# Americans in Cyprus



## tuffluv (Apr 9, 2012)

Hi everyone 

I'm new to this forum, so it'd be great if you can fill me in - are there any Americans who live in Cyprus on the forum?

I wasn't born in the US but have grown up there and feel more American than anything else and would really like to make contact with anyone who's ended up on this island like myself 

I've been here 3 years now and still don't seem to fit in. Soon to be married with cypriot, trying to live normally in a land (village) that the modern world somewhat forgot.


----------



## cds usa (Jan 4, 2011)

I'm a Cypriot but have lived in the states longer that in Cyprus and married to an American, for the moment we spend summers in Cyprus but we are hoping to make the move late this year early next. It's going to be an adjustment. I know there are others out there a couple of years ago we met an American pastor at a church in Nicosia. I wonder if he is still there. He may have connections.


----------



## Kevin D (Nov 9, 2011)

Hi, 

I am an American living in Nicosia and have been here for around two months. I have found life here very different but enjoyable. Let me know if there is anything I can help you with. 

Kevin


----------



## Cleo Shahateet (Feb 23, 2009)

Where in Cyprus are you? There are quite a few Americans around it is just a matter of finding them. A few years back there was a Thanksgiving dinner arranged in Troodos as it was a central spot for most. I can put you in touch with some people in Paphos if you are there. I spend most of my time in the US now and only return to Cyprus from time to time for business or a working vacation so I feel like I have the best of both worlds right now, but I would be happy to help. I understand how you feel!


----------



## atw26 (May 23, 2009)

Indeed, you don't mention which part of the island you're in. In Nicosia, there are a few Americans floating about either as part of the embassy, the UN, Fulbright scholars, or having married (at least at one point) a Cypriot or other!

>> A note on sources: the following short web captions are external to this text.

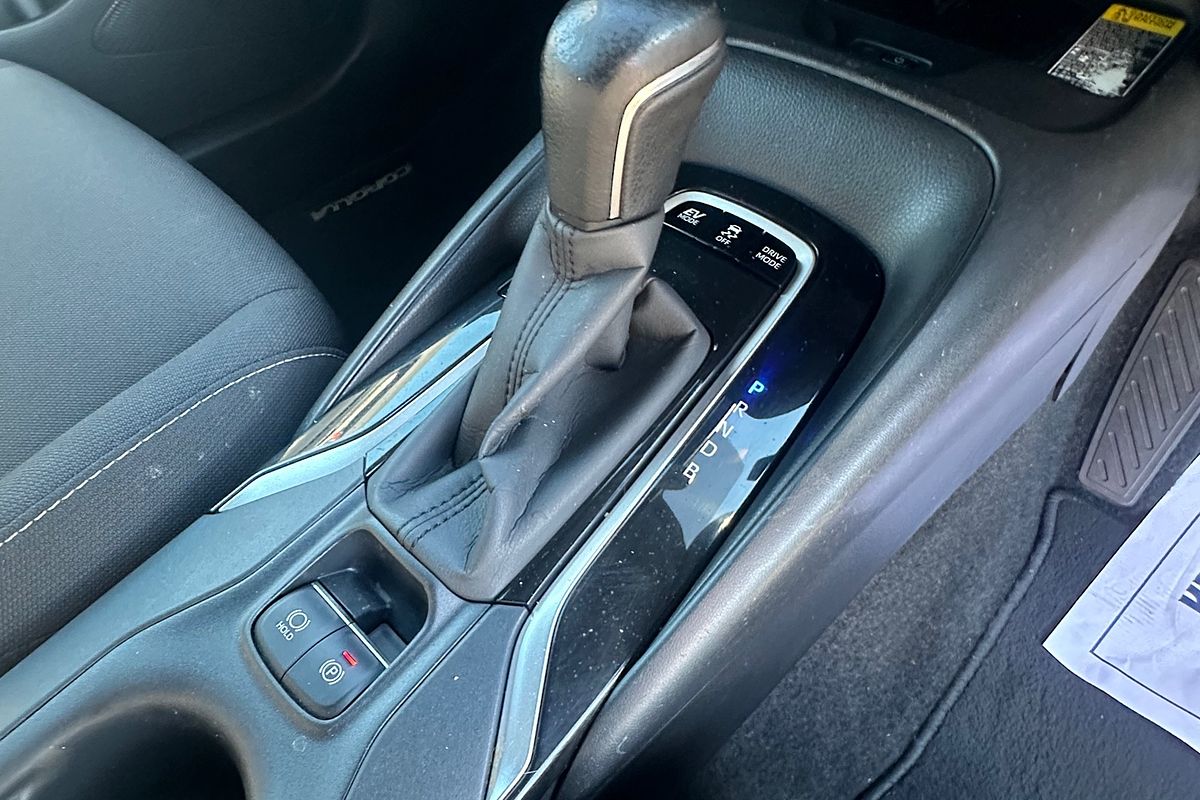 2020 Toyota Corolla SX Hybrid ZWE211R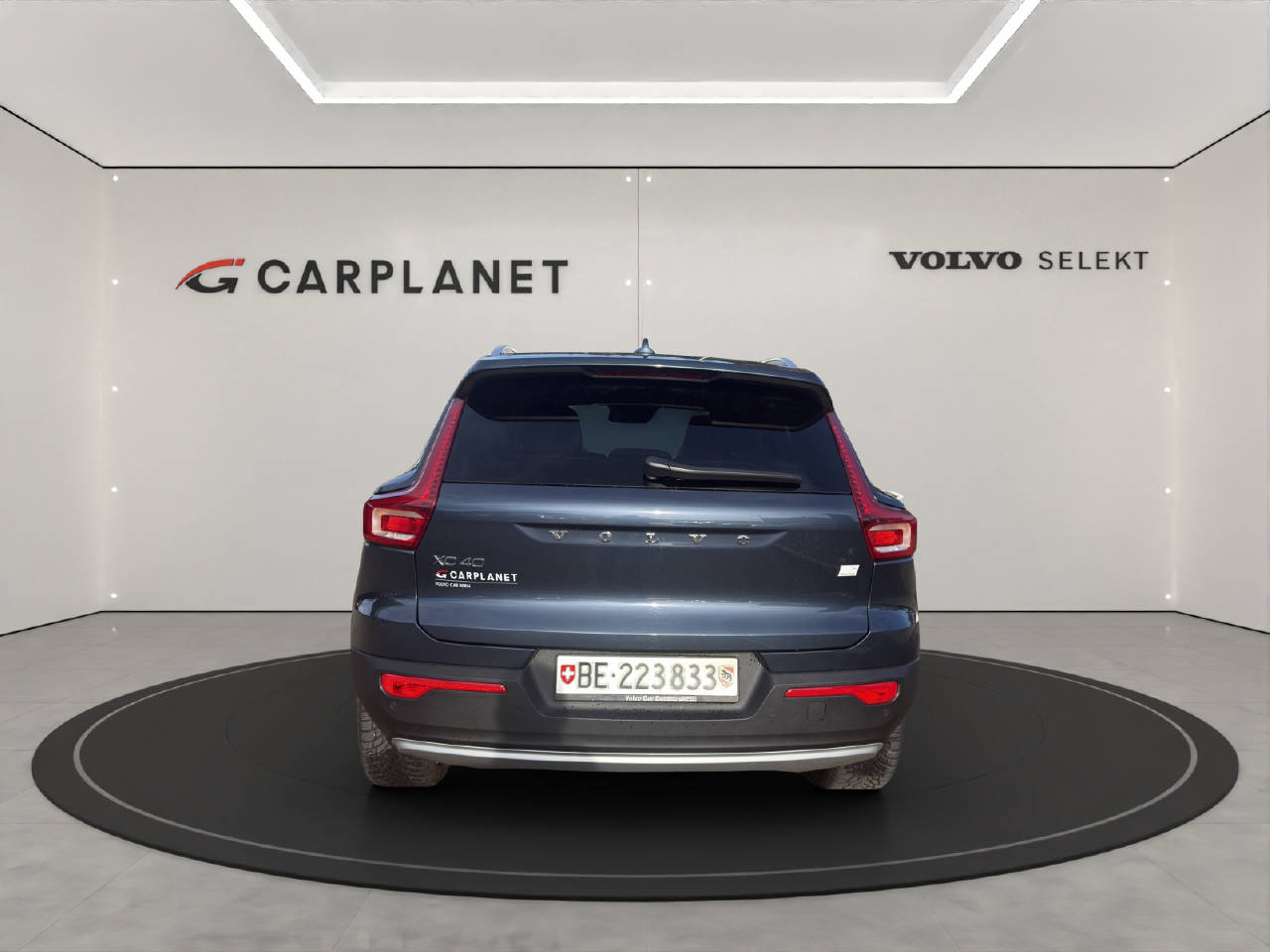VOLVO XC40 1.5 T4 PiH Inscription .-image-3
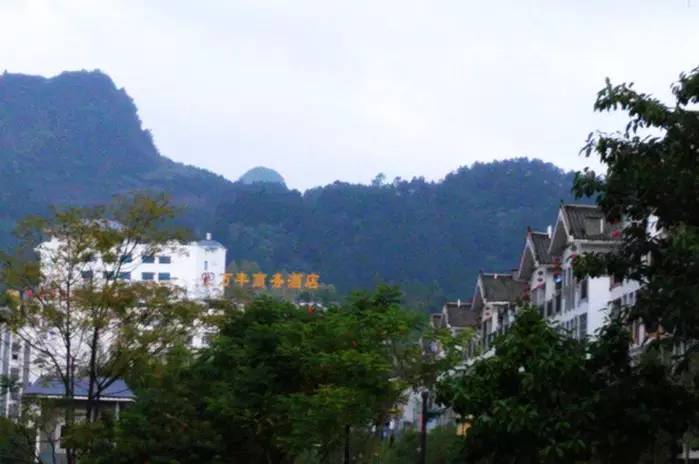 巴马世界旅居圣地,广西巴马长寿圣殿图片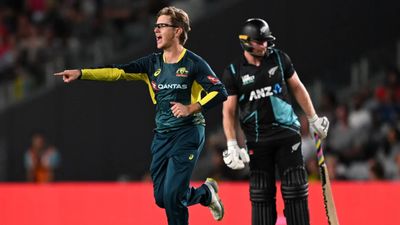 NZ vs AUS: एडम जैंपा के जादू में गायब हुए कीवी, ऑस्ट्रेलिया ने न्यूजीलैंड को 72 रन से रौंदकर कब्जाई टी20 सीरीज एडम जैंपा ने न्यूजीलैंड के खिलाफ दूसरे टी20 में चार विकेट लिए.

aside from the ones who have replied to your thread so far, I recall another couple/few who have also posted previously.


----------



## Miss Daisy (Jan 24, 2011)

I am an American who lives in Frenaros. For a long time I thought I was the only American in this area, though I had heard rumors that there were others about somewhere. Just this year, I have met about 6 Americans, all married to Cypriots. We pop up in the strangest places.  But we are definitely in the minority. I am quite unusual as I am not of Cypriot heritage nor married to a Cypriot; I just moved here because I love Cyprus and wanted to live here. I tell the Cypriots, who are shocked that I moved here on my own, that in my heart I am a Cypriot.


----------